◆ Problem details: Go through the listing below and write out exactly the lines from the one that mentions "ILeddog [Germany] Kitchen" through the one that mentions "Kitsure Over Toilet", minus the pictures.

◆ Working data:
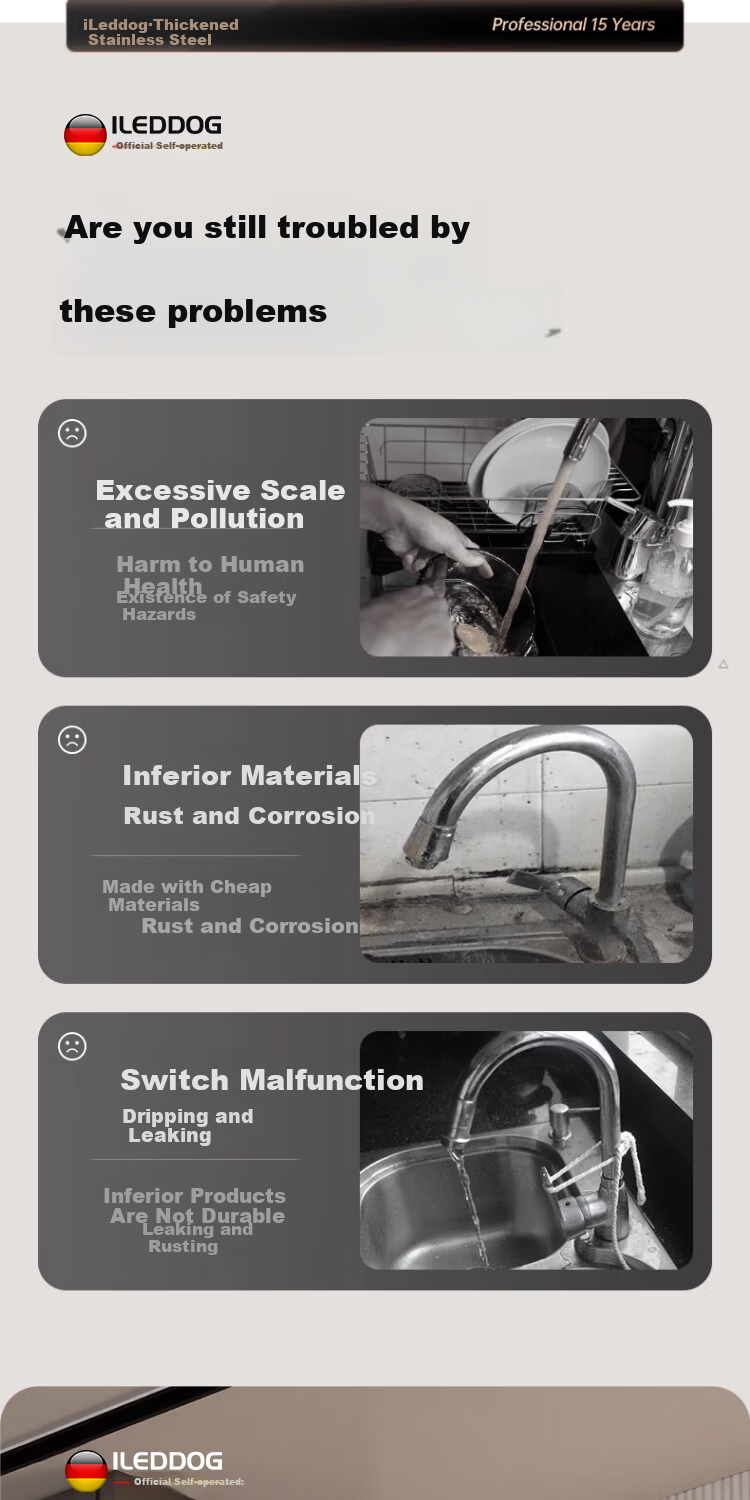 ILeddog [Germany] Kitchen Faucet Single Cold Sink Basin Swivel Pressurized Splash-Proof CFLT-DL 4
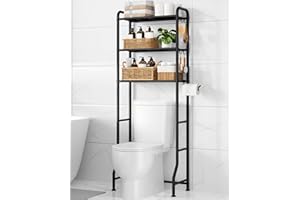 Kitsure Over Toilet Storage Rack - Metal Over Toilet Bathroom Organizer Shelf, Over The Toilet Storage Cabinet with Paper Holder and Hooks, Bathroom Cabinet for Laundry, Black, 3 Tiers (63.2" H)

---

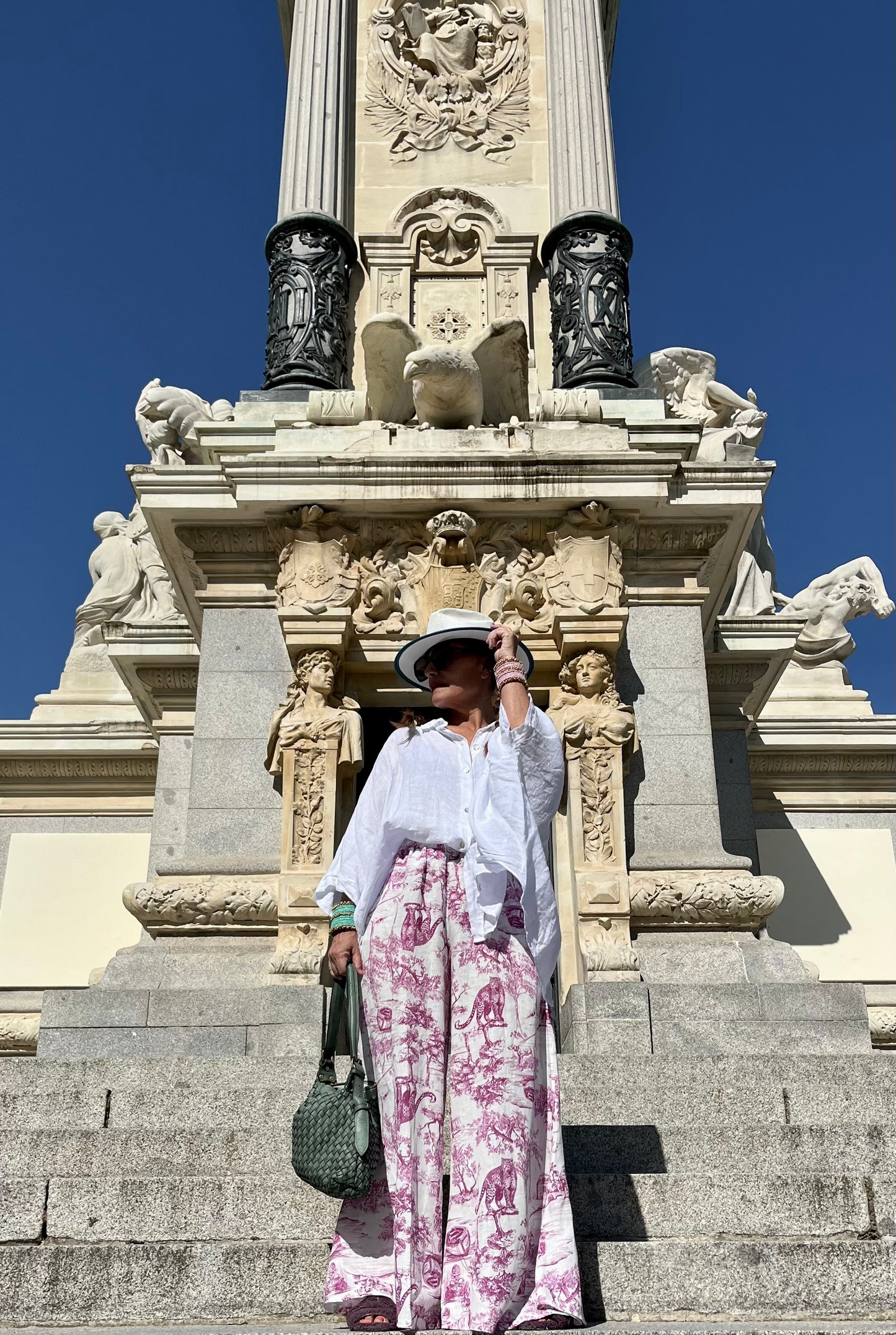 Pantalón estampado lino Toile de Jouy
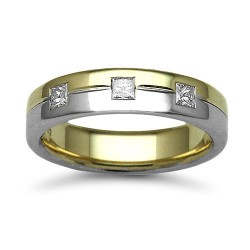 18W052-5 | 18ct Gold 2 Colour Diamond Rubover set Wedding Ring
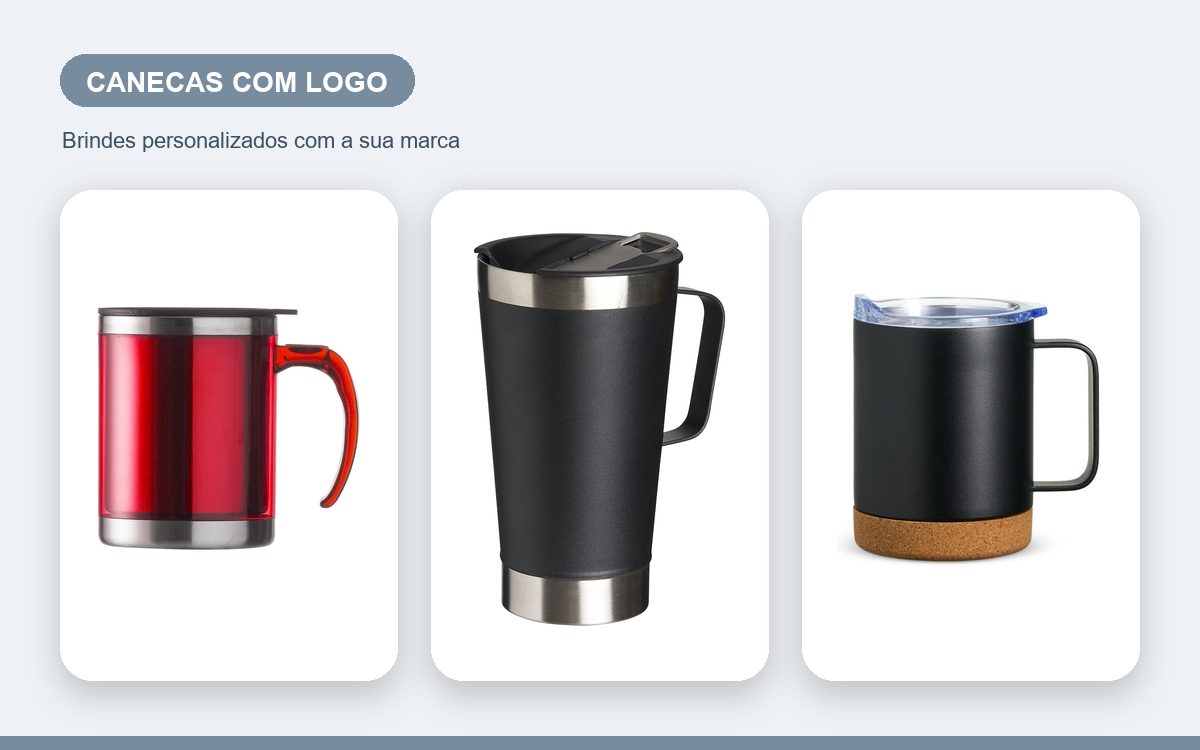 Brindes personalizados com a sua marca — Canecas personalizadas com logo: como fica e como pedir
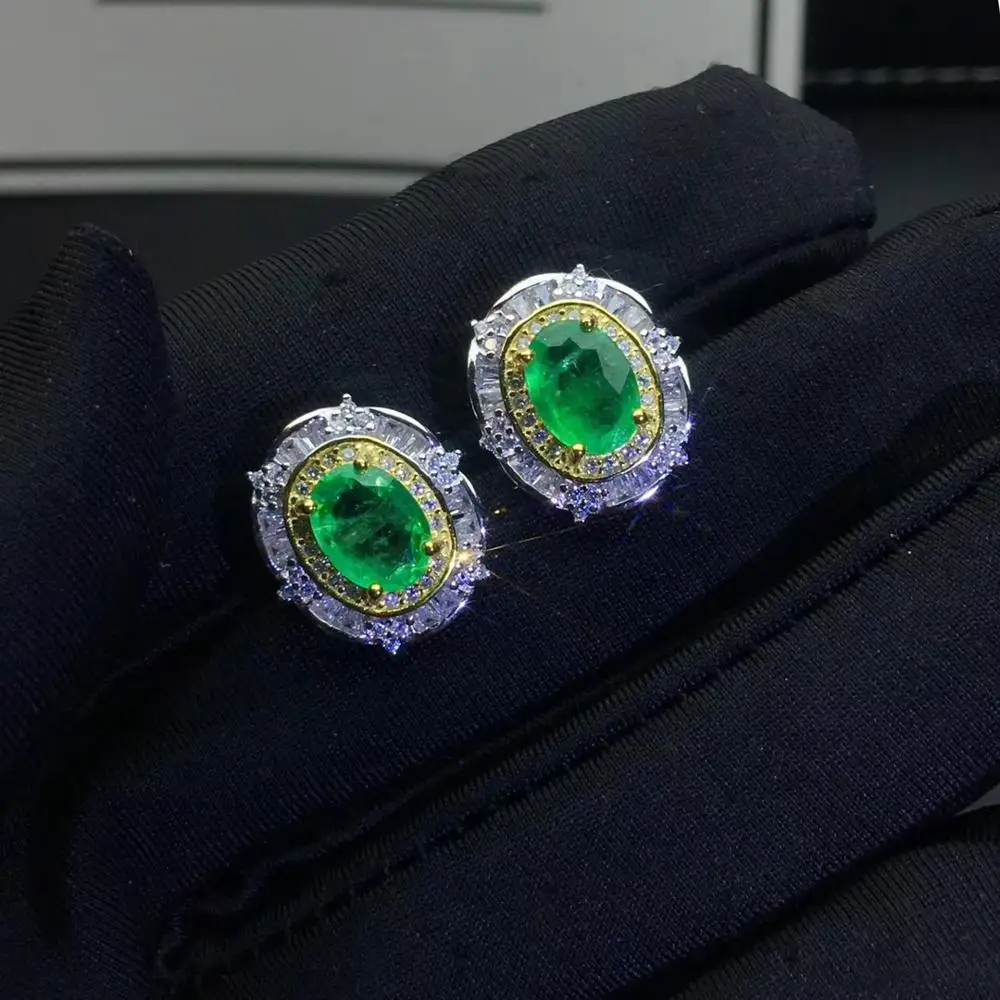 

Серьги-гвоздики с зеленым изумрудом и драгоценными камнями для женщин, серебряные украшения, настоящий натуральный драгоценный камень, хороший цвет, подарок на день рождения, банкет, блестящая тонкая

...

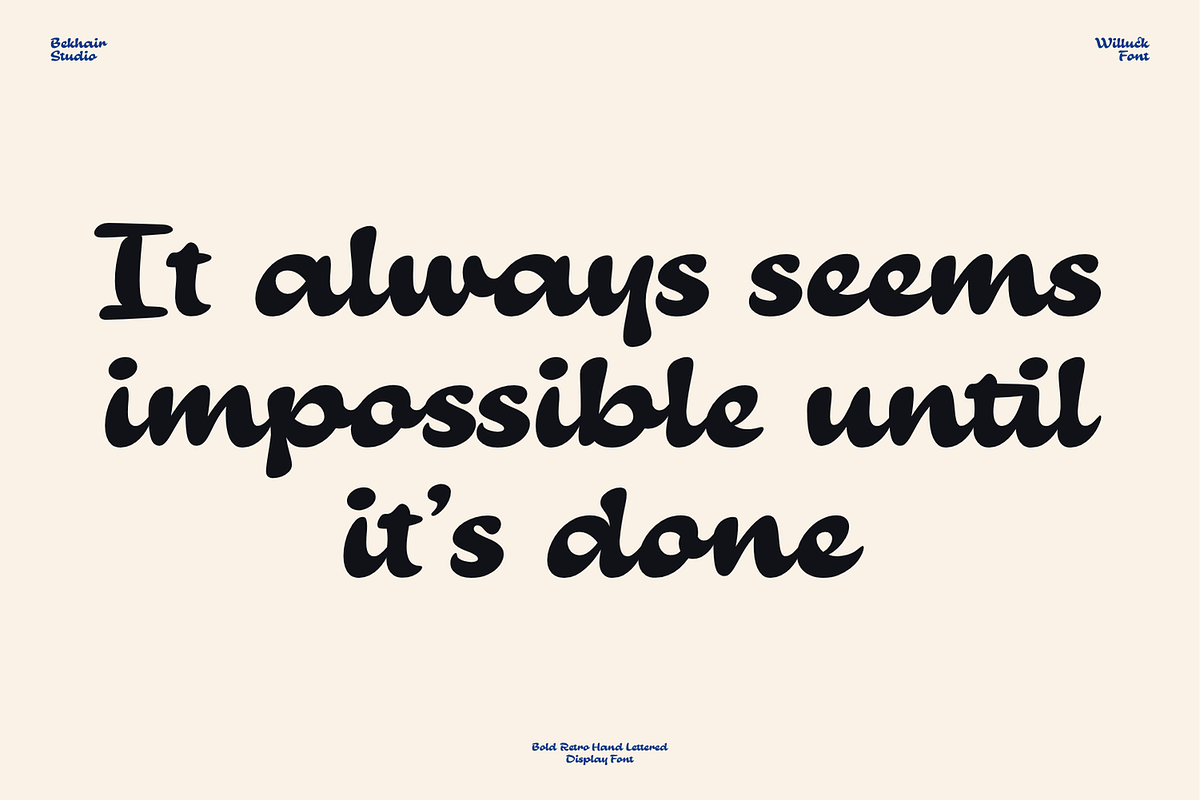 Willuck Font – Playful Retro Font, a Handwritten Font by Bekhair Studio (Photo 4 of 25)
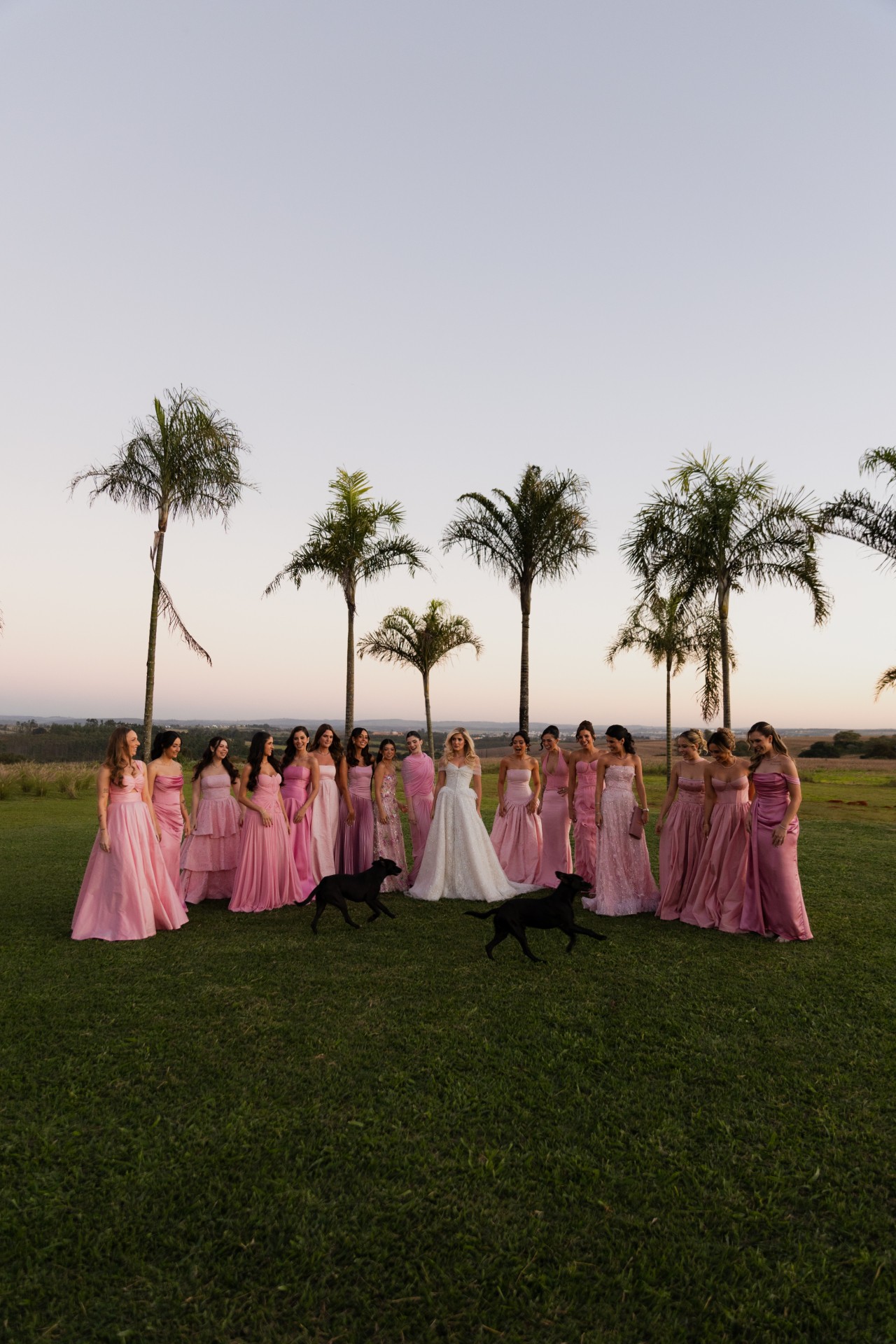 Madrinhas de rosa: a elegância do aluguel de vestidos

◆ Finished task:
 ILeddog [Germany] Kitchen Faucet Single Cold Sink Basin Swivel Pressurized Splash-Proof CFLT-DL 4
 Kitsure Over Toilet Storage Rack - Metal Over Toilet Bathroom Organizer Shelf, Over The Toilet Storage Cabinet with Paper Holder and Hooks, Bathroom Cabinet for Laundry, Black, 3 Tiers (63.2" H)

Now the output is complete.